Priest
- Born: 27 August 1893 San Martino di Colle Umberto, Treviso, Italy
- Died: 30 January 1957 (aged 63) Dibrugarh, Assam, India
- Venerated in: Catholic Church
- Major shrine: Shrine of Sacred Heart of Jesus, Mawlai, Shillong, India

= Constantine Vendrame =

Italian Salesian missionary

Constantine Vendrame, also known as the "Apostle of Shillong" was a Salesian missionary from Italy who worked for the welfare of Khasis, in North East, India.
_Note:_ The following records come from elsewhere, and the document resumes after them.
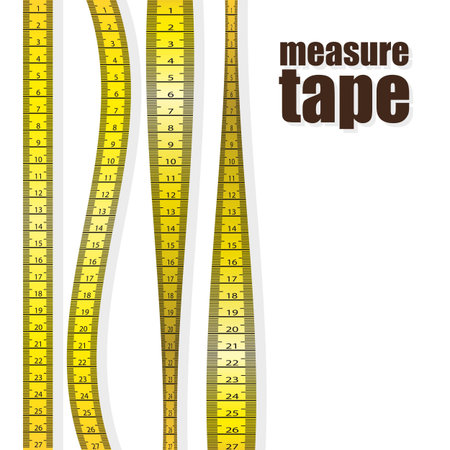 Measure tapes in different positions isolated on white background. vector illustrationのイラスト素材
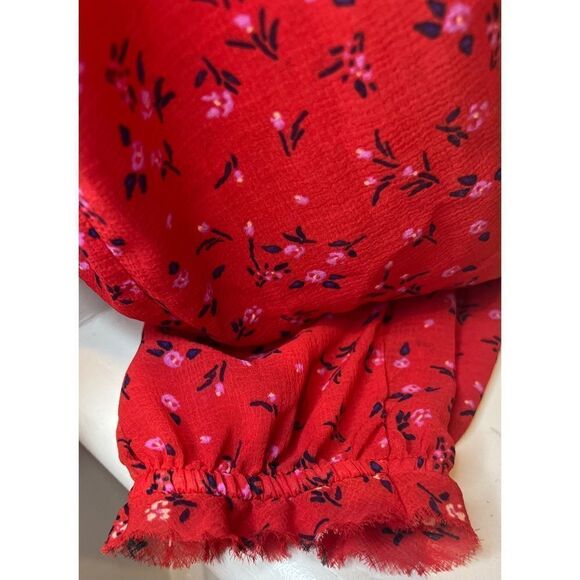 Free People Lolita Top Red Women's Keyhole Floral Pouf Square Neck Blouse Sz M - Picture 8 of 13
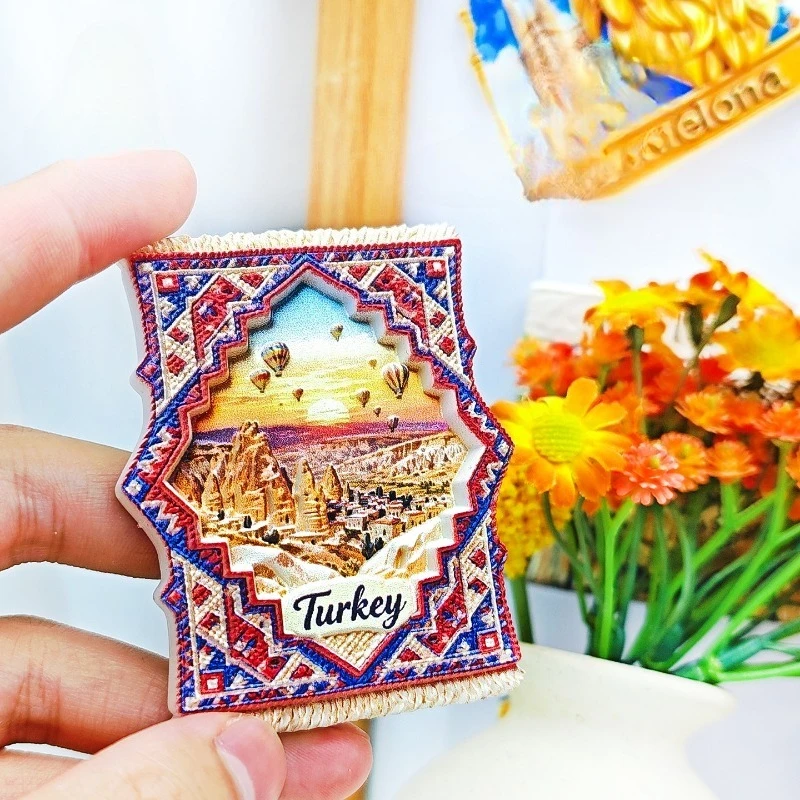 Turkey Balloon Rug Fridge Magnet - Romantic 3D Cappadocia Souvenir Unique Anatolian Gift for Travel & Bohemian Decor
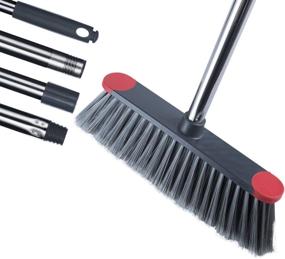 img 4 attached to 🧹 MEIBEI Soft Sweeping Broom with 54" Stainless Steel Long Handle - Ideal for Cleaning Home, Garage, Store, and Office Surfaces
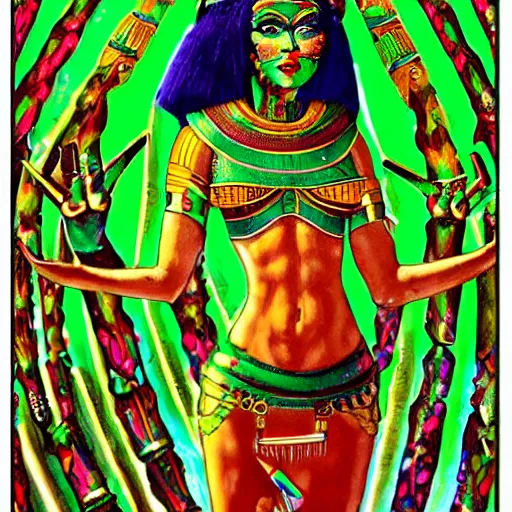 Image similar to green haired woman with bullhorns coming out of her head, six arms, hyperdetailed legs, Egyptian makeup, psychedelic clothing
== Early life and education ==
Constantine Vendrame was born on 27 August 1893 to Pietro and Elena Fiori in San Martino di Colle Umberto, Treviso, Italy. He joined the Salesian novitiate at Ivrea on 15 September 1913. He completed his study of philosophy and was sent for his regency to the oratory of Chioggia. He also served for a four-year compulsory military service. After the completion of his military service, he pursued his theological formation while working simultaneously in the oratories of Chioggia and Venice.

== Priesthood ==
On 15 March 1924 Vendrame was ordained a Catholic priest by the cardinal Eugenio Tosi at the chapel of the Archiepiscopal seminary of Milan.

== Missionary to India ==
Vendrame arrived in Shillong on 23 December 1924. At the start of the World War II in 1939, Vendrame and another 150 Italian missionaries were put in the concentration camp. After the war Vendrame was asked by Louis Mathias to go to Wandiwash, Tamil Nadu. He came back to Shillong in 1951. He was always busy in preaching gospel, helping needy and bringing people back to the church.

== Death ==
Vendrame died in Dibrugarh, Assam, India, on 30 January 1957. On 1 July 2014 the mortal remains of Constantine Vendrame were moved to the Shrine of Sacred Heart of Jesus, Mawlai, Shillong, India.

== Sainthood ==
The process for canonisation is underway for Constantine Vendrame. On 22nd of May, 2026 Pope Leo XIV approved the heroic virtues.